Starting from the angular-momentum identity:

\[ S^2 = S_z(S_z + 1) + S_- S_+ \]

we expand \(S_- S_+ = \sum_{k,l} s_k^- s_l^+\) in first quantization, where \(s_l^+\) raises electron \(l\) from \(\downarrow\) to \(\uparrow\) and \(s_k^-\) lowers electron \(k\) from \(\uparrow\) to \(\downarrow\).

Diagonal terms (\(k = l\)): \(s_l^- s_l^+\) is the identity on each \(\downarrow\) electron, contributing \(+n_\downarrow\) total.

Off-diagonal terms (\(k \ne l\), with \(k \in \uparrow\) and \(l \in \downarrow\)): applying \(s_l^+\) then \(s_k^-\) swaps the spin labels of electrons \(k\) and \(l\). For an antisymmetric wavefunction whose first \(n_\uparrow\) coordinates are spin-up, this is equivalent to swapping the spatial coordinates of electrons \(k\) and \(l\). Antisymmetry gives a factor of \(-1\), which cancels the minus sign in the \(-S_-S_+\) contribution, producing the positive ratios \(\Psi(\mathbf{r}_{k\leftrightarrow l})/\Psi(\mathbf{r})\) in the formula below.

Combining gives the local estimator:

\[ S^2_\text{local} = S_z(S_z + 1) + n_\downarrow - \sum_{k \in \uparrow} \sum_{l \in \downarrow} \frac{\Psi(\mathbf{r}_{k \leftrightarrow l})} {\Psi(\mathbf{r})} \]

Computational details#

Minority-channel optimization. The double sum is symmetric in the swap, so the outer loop runs over the minority spin channel (with \(n_\text{min}\) electrons) to minimize wavefunction evaluations. Using \(|S_z|\) in the prefactor compensates:

\[ |S_z|(|S_z|+1) + n_\text{min} = S_z(S_z+1) + n_\downarrow \]

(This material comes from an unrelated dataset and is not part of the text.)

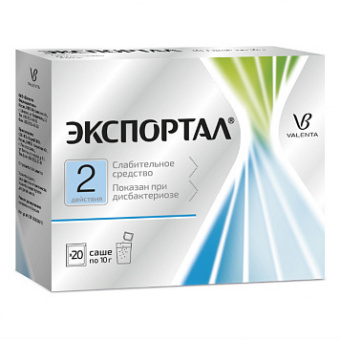 Экспортал пор д/приг р-ра д/вн прим 10г №20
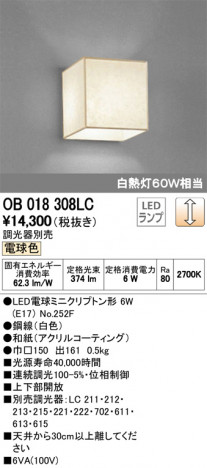 ODELIC �����ǥ�å� �֥饱�å� OB018308LC �ᥤ��̿�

Log-space ratios. The network represents \(\Psi = \sigma \, e^{\log|\Psi|}\) where \(\sigma\) is the phase (\(\pm 1\) for real wavefunctions, \(e^{i\phi}\) for complex). Writing \(\Psi'\) for the swapped configuration:

\[ \frac{\Psi'}{\Psi} = \frac{\sigma'}{\sigma} \cdot \exp\!\bigl(\log|\Psi'| - \log|\Psi|\bigr) \]

The sum over swaps uses a signed log-sum-exp for numerical stability.